**AVAILABLE RECORDS**
<<<<

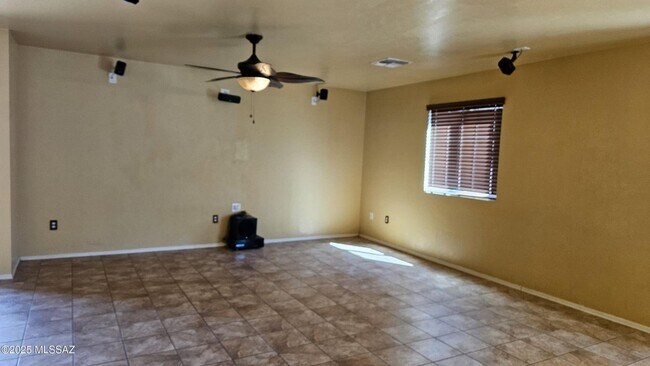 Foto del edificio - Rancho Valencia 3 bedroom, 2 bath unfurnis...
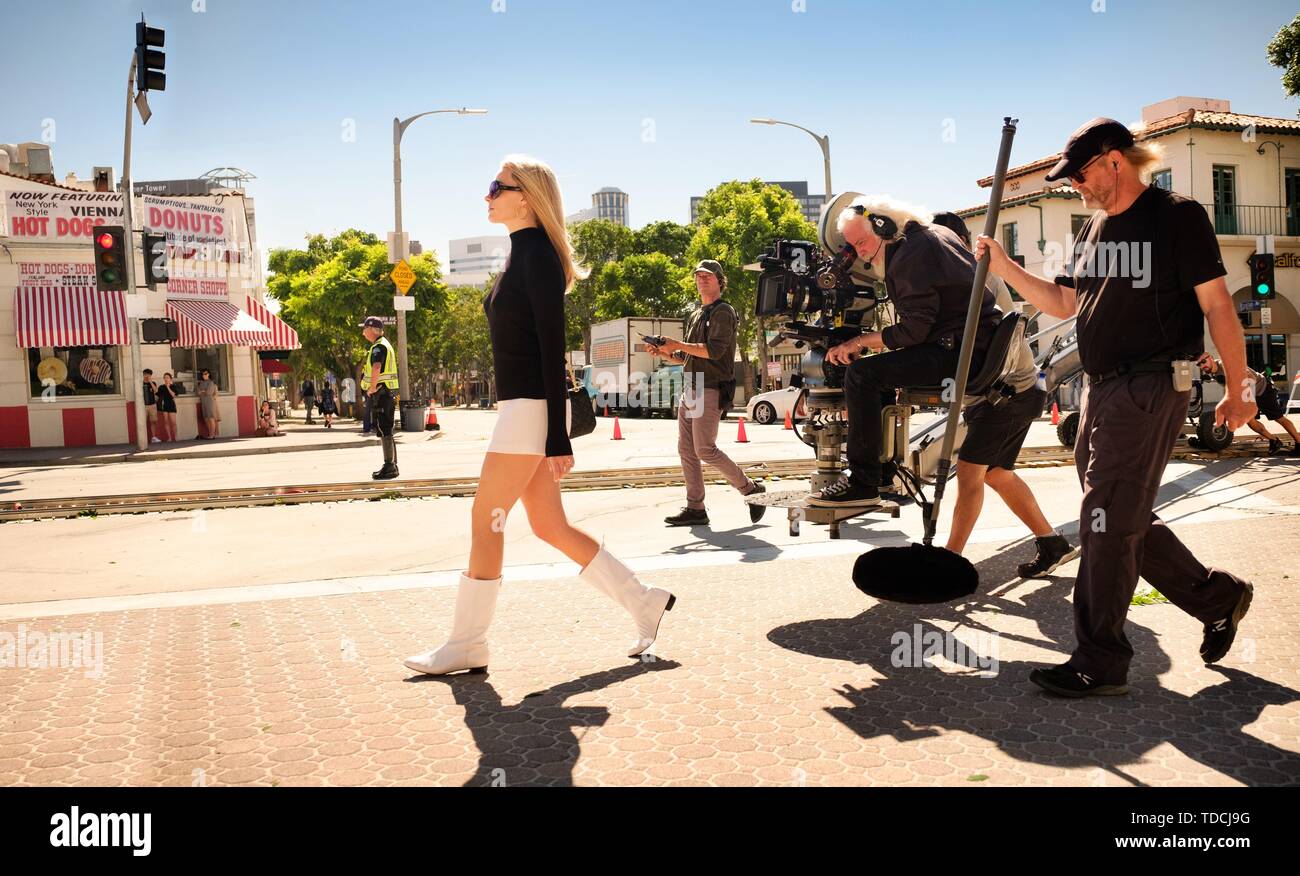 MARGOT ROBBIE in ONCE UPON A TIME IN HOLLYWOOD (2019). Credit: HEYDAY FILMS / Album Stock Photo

>>>>
<<<<

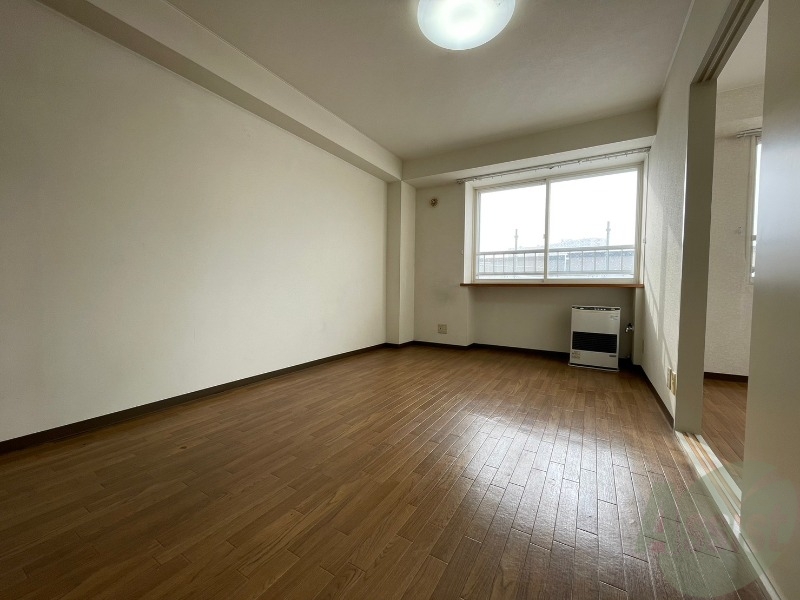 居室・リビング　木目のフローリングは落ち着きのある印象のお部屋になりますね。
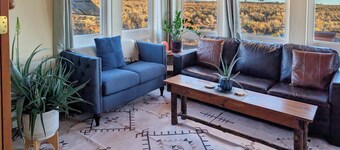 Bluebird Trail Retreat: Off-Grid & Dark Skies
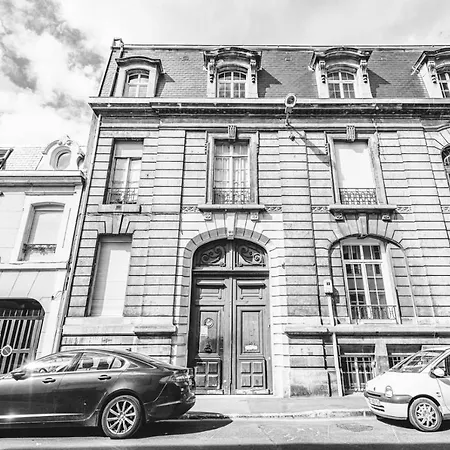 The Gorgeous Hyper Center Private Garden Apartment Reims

>>>>

**PROBLEM TO WORK ON**
What lines above run from the one with "Foto del edificio" to the one with "MARGOT ROBBIE in"? Give them again exactly, ends included, and leave the pictures out.

**TASK RESPONSE**
 Foto del edificio - Rancho Valencia 3 bedroom, 2 bath unfurnis...
 MARGOT ROBBIE in ONCE UPON A TIME IN HOLLYWOOD (2019). Credit: HEYDAY FILMS / Album Stock Photo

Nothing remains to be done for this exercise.